The dream of the Amazon

A group gathers with Fr John Boles to celebrate a liturgy in Monobamba. Photo: Fr John Boles SSC

A group gathers with Fr John Boles to celebrate a liturgy in Monobamba. Photo: Fr John Boles SSC
I dream of an Amazon region that fights for the rights of the poor, the original peoples and the least of our brothers and sisters; where their voices can be heard and their dignity advanced.

I dream of an Amazon region that can preserve its distinctive cultural riches; where the beauty of our humanity shines forth in so many varied ways.

I dream of an Amazon region that can jealously preserve its overwhelming natural beauty and the superabundant life teeming in its rivers and forests.

I dream of Christian communities capable of generous commitment, incarnate in the Amazon region, and giving the Church new faces with Amazonian features.

In the introduction to his apostolic exhortation, Beloved Amazon, of February 2020, Pope Francis outlines his dreams for the Amazon region as a multinational and interconnected whole; a great biome shared by nine countries. He explains how his address is an exhortation to the whole world to awaken its affection and concern for that land that is also ‘ours’, and invites them and us to value it and acknowledge it as a sacred mystery.

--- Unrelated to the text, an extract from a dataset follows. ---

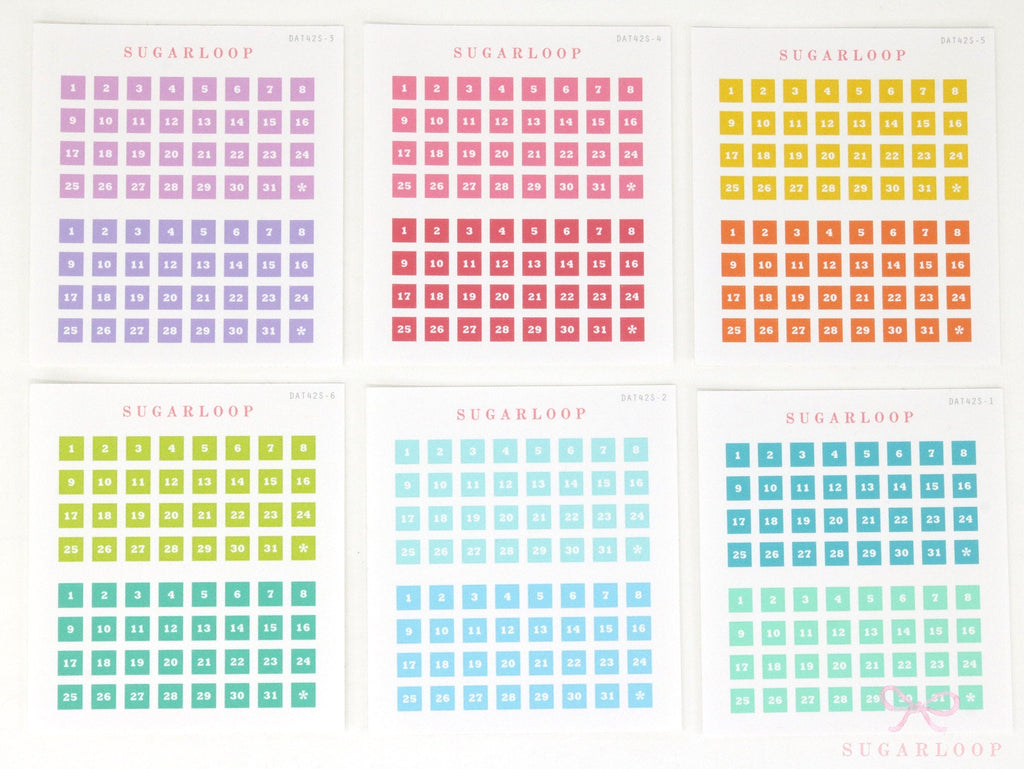 Bundle - One Year's Worth of Date Stickers - Choice of Dot Hexagon or Square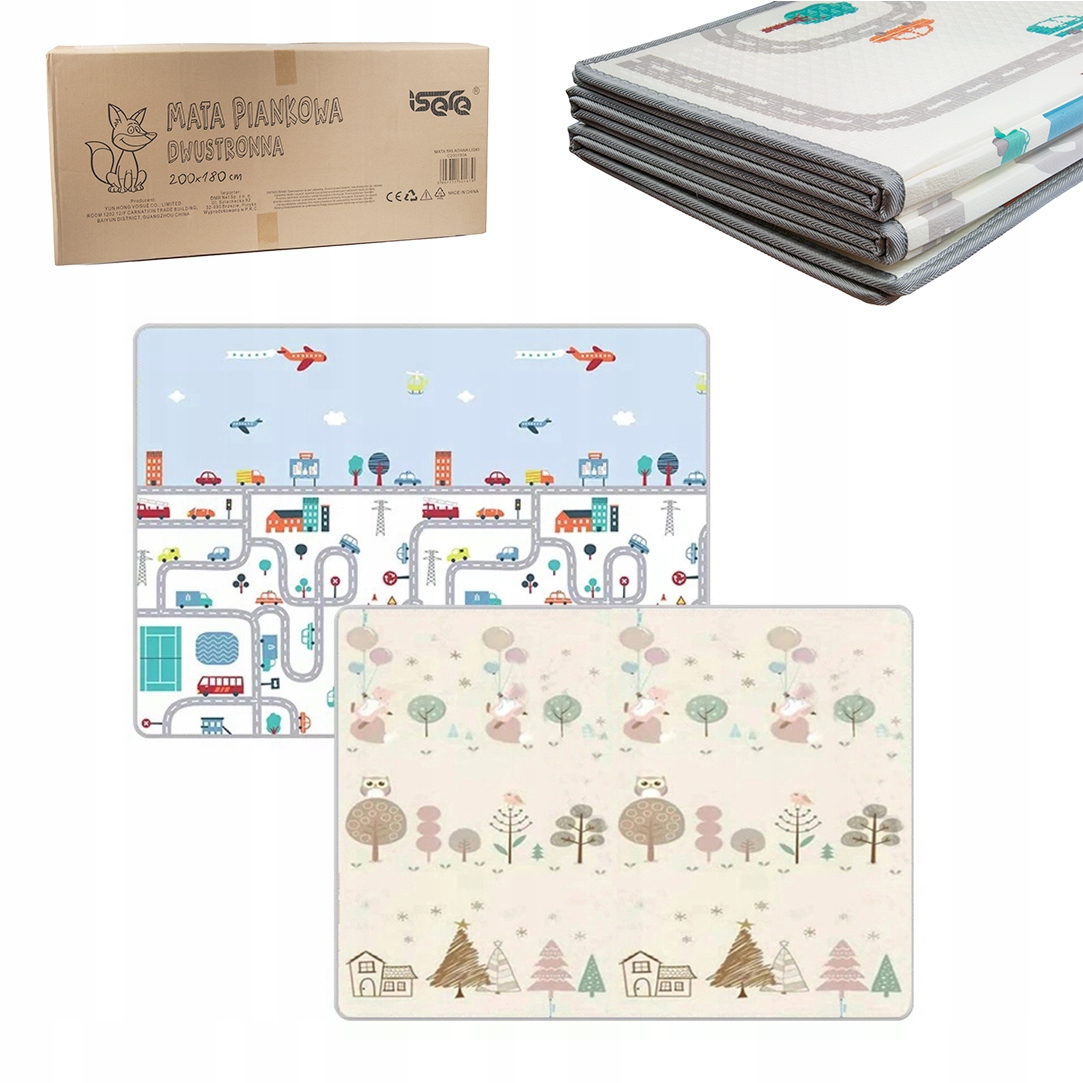 

Duża Mata Piankowa Składana Dwustronna 180x200cm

Even before Pope Francis convoked the Synod on the Amazon in 2019, Columbans in Latin America were engaged in campaigns to support the local Church and to protect the ecology and peoples of the Amazon against injustice and exploitation.

In one initiative, Columbans – both foreign priests and Peruvian lay missionaries from the capital, Lima – were reinforcing local Christian communities in the aptly named jungle locality of Monobamba, The Place of the Monkey, in the ancient Quechua language. Monobamba is a truly glorious place. It is not located in the steamy Amazon Basin, but in what is known in Spanish as Ceja de Selva - The Eyebrows of the Jungle - the part of the rainforest that clings to the slopes of the Andes Mountains. Thus, it combines the rich vegetation of the Amazon with the spectacular views of the high sierra.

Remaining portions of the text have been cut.